In an arrangement theory course, Butler’s professor tasked the class with arranging a choral piece.
Butler searched for a piece, stumbled upon “The Water is Wide” in a choral book and remembered the first time he heard his best friend sing it in high school.
“The song is very beautiful, and it really fit his voice well,” he said. “It was just stuck in my head for months – to see my friend open up as an artist because he was really shy.”
Butler knew in that moment that this was the piece he wanted to make his own.
“It’s a combination of: nothing is impossible, you just have to think outside the box, and different struggles of life, love and happiness — that spoke to me,” he said.
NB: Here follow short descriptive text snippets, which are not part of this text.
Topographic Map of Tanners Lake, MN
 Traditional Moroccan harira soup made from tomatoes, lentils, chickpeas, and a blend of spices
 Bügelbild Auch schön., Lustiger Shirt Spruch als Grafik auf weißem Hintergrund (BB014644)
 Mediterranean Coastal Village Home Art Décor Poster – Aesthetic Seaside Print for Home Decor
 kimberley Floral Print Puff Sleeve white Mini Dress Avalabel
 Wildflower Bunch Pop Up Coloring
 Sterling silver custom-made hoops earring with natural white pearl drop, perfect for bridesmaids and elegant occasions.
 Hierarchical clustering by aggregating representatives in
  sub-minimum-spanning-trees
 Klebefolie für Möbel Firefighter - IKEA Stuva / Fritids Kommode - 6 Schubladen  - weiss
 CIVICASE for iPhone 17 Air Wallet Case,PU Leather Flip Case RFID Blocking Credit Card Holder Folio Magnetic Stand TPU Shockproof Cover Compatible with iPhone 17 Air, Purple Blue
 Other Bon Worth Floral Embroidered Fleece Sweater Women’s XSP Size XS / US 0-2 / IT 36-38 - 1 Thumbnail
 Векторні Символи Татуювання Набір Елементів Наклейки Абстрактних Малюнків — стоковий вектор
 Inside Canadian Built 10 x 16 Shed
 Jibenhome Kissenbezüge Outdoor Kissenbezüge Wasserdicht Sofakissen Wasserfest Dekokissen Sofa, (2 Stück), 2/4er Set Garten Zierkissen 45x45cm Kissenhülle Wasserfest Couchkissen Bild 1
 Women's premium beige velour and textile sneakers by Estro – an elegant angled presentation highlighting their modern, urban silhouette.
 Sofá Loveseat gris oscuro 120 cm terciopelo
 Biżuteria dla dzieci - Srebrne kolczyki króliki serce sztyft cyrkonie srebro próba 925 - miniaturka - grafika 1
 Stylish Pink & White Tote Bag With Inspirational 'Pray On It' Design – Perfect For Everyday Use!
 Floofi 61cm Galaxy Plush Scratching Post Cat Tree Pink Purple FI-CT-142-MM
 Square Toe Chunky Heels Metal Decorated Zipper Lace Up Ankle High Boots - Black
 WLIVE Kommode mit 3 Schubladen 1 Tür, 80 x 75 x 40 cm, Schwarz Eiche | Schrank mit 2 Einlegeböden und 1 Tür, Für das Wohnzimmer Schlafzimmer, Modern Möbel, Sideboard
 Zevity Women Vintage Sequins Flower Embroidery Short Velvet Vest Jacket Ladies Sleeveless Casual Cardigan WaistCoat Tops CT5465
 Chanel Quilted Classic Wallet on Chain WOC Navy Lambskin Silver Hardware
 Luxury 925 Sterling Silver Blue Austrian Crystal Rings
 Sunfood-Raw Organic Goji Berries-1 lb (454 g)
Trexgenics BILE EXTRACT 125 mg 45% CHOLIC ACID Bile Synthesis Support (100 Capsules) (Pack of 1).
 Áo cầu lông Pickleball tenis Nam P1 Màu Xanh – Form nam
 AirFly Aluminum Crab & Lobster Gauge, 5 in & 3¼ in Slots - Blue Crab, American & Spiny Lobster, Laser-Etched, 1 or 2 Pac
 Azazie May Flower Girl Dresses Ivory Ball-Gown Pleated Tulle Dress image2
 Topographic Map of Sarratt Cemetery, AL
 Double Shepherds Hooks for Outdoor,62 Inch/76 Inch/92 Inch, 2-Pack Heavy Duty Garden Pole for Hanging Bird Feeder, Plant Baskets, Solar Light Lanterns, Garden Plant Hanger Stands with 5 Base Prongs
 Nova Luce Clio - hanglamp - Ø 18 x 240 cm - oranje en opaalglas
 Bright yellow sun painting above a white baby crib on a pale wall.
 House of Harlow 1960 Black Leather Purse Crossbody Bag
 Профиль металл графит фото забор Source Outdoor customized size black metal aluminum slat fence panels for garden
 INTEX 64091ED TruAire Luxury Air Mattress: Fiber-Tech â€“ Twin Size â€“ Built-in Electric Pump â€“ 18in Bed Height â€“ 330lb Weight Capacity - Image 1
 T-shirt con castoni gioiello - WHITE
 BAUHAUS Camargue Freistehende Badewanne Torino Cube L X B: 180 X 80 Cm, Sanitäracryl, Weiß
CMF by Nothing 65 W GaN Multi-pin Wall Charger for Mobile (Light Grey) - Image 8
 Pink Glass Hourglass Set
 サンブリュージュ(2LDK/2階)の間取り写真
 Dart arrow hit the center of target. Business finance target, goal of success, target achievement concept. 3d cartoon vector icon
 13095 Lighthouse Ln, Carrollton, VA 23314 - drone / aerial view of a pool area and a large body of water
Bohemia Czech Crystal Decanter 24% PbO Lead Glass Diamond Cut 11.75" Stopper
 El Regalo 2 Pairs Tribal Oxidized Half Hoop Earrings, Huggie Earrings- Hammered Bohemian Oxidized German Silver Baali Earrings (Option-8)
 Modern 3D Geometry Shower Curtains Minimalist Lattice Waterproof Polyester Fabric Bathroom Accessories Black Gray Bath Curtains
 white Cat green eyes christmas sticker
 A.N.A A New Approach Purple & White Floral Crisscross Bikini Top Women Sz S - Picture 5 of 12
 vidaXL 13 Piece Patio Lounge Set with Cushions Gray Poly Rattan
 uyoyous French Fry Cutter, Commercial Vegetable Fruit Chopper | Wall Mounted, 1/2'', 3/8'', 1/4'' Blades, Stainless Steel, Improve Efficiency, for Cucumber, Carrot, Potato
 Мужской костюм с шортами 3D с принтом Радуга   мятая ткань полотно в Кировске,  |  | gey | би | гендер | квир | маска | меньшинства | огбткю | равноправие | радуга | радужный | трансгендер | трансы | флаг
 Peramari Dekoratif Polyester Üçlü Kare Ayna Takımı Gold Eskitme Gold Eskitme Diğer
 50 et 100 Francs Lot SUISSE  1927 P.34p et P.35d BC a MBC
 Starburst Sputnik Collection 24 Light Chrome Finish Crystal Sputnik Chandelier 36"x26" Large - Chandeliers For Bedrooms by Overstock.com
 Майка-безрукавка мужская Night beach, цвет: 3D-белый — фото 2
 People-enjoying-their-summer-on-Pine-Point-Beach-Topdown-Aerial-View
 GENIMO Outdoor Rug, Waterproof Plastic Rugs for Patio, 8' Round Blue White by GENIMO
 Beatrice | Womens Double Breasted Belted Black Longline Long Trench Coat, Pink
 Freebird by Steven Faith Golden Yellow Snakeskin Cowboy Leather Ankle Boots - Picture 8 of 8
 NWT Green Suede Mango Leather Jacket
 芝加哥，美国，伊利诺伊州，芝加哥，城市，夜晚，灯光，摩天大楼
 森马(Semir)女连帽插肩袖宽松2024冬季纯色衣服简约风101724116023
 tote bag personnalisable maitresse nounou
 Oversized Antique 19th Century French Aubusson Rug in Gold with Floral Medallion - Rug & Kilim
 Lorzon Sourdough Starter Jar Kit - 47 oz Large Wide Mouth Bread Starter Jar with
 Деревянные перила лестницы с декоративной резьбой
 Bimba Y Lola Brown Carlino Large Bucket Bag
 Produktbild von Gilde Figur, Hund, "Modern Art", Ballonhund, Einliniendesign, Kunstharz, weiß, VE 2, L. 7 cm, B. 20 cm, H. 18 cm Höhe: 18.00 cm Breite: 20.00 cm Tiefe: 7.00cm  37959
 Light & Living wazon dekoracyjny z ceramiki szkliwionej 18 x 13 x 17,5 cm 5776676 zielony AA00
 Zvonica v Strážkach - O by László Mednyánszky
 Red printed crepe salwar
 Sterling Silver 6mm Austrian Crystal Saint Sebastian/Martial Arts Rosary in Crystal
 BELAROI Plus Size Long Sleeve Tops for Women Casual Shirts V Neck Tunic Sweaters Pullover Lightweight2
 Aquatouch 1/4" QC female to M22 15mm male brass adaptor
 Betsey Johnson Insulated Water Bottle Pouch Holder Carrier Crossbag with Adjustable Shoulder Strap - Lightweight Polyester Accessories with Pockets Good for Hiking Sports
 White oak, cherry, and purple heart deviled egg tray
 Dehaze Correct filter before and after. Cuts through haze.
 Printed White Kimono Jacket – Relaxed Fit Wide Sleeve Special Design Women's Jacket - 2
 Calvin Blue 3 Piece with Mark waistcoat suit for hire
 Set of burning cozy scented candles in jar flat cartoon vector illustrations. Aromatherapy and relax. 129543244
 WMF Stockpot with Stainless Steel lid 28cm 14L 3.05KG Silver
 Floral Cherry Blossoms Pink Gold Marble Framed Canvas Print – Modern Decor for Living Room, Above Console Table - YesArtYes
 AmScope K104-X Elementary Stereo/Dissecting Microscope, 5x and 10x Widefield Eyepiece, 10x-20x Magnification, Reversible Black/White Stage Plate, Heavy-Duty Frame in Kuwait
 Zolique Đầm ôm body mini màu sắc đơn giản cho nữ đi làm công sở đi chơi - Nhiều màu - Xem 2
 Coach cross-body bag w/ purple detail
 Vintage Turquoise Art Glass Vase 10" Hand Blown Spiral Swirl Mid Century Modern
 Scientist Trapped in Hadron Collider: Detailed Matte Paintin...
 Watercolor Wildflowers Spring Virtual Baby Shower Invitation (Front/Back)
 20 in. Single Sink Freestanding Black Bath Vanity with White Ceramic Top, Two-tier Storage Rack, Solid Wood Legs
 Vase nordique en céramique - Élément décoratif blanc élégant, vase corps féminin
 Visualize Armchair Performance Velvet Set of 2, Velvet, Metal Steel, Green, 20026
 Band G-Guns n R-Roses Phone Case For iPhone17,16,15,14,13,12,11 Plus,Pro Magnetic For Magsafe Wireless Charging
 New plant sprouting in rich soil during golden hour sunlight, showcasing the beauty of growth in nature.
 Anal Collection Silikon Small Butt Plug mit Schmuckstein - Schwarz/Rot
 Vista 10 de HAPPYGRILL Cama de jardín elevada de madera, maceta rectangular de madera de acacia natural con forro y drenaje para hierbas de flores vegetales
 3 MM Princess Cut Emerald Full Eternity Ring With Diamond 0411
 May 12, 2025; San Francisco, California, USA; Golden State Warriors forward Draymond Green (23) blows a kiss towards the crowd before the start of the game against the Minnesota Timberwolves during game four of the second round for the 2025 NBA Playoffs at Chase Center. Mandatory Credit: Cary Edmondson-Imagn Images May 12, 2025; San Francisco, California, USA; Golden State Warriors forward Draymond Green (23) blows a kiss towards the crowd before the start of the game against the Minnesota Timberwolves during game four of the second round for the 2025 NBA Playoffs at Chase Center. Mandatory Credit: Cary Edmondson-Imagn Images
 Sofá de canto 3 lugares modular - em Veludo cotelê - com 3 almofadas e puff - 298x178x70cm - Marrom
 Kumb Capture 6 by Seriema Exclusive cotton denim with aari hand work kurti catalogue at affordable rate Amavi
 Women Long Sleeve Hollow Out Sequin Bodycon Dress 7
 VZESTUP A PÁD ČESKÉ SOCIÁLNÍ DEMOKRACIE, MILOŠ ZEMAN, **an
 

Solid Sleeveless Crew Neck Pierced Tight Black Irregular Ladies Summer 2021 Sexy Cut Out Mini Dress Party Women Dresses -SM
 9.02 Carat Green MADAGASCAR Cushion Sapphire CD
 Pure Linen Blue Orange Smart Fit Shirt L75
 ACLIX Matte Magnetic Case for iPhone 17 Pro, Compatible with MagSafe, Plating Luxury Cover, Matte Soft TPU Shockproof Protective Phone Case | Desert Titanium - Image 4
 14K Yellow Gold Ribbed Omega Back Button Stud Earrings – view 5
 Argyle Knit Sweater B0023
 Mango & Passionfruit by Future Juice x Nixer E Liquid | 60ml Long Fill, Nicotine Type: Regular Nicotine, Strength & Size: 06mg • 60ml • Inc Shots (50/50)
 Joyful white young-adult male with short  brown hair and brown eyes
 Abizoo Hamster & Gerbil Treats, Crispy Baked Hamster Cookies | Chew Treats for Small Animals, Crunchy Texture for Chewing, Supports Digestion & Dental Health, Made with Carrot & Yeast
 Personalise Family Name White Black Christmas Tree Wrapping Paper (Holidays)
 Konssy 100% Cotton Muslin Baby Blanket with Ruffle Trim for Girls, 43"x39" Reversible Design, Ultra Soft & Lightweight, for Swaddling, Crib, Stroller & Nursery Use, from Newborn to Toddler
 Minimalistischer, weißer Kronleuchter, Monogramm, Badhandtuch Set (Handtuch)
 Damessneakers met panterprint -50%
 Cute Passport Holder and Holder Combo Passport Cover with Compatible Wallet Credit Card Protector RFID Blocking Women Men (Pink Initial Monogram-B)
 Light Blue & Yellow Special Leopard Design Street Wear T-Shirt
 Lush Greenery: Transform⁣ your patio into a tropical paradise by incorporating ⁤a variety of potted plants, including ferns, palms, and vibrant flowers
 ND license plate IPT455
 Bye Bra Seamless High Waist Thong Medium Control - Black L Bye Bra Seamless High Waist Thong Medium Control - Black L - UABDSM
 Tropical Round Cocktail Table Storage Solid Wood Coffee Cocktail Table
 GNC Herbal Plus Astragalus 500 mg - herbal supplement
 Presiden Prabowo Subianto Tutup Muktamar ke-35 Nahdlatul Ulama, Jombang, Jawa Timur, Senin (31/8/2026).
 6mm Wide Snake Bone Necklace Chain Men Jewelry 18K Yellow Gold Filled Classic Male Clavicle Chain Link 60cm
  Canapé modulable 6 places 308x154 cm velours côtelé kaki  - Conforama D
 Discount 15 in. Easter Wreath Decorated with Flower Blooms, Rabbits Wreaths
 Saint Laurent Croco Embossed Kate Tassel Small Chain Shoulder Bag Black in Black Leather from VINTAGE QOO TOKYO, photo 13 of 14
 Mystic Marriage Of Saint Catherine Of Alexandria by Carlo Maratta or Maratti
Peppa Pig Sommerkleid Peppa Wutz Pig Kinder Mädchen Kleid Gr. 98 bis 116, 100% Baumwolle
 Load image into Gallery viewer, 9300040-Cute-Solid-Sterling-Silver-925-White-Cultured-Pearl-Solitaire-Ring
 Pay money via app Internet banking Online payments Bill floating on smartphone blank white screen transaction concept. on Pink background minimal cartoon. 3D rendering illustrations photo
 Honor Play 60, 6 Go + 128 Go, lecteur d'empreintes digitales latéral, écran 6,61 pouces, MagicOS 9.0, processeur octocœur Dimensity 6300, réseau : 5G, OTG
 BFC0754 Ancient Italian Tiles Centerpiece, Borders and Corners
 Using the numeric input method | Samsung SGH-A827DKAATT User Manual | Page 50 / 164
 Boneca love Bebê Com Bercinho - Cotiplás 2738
He found the lyrics of the first verse meaningful.
“The water is wide / I can’t cross over / But neither have I wings to fly / So I’ll build a boat that can carry to / And both shall row / My love and I.”
Butler said the soothing tune, although it originates from Scotland, serves as a reminder of his Irish heritage.
“The song has this comforting folklike melody, which you can pretty much sing anywhere,” he said.
A member of the CU Concert Choir, the CU Centennial Singers and the CU Percussion ensemble, Butler has always been involved in music in an academic setting.
As a child, he found music all around him; his mother sang to him, his father blared the radio and older siblings shared their own music.
“Music was already a part of me,” he said. “It was this habit that was already there that I don’t think I can ever escape from.”
But his own first music discovery was the rock band Coldplay.
“They influenced how I listened to music and how I treated dissonances or the clashy sounds that you hear in music,” he said. “Everything has this flow, and they know how to make you feel.”
Butler added piano, vocal harmonies and key changes to “The Water is Wide” and showed it to his compositional professor, Dr. Gregory Hoepfner, who encouraged him to submit it for publication.
Hoepfner said he was not surprised that Imagine Publishing picked up Butler’s piece.
“It’s quality, professional work. And it has a market,” he said. “There are always people looking for this kind of composition. It’s a well-written choral piece and based on a familiar tune that many people like.”
Hoepfner said this is an accomplishment that will take Butler far in the music profession.
“If nothing else,” he said. “I hope this gives him some validation for all the hard work that he has done these last few years. He is a very talented young man.”
Butler will debut “The Water is Wide” with the Centennial Singers at the annual choir concert at 7:30 p.m., April 26, in the University Theatre.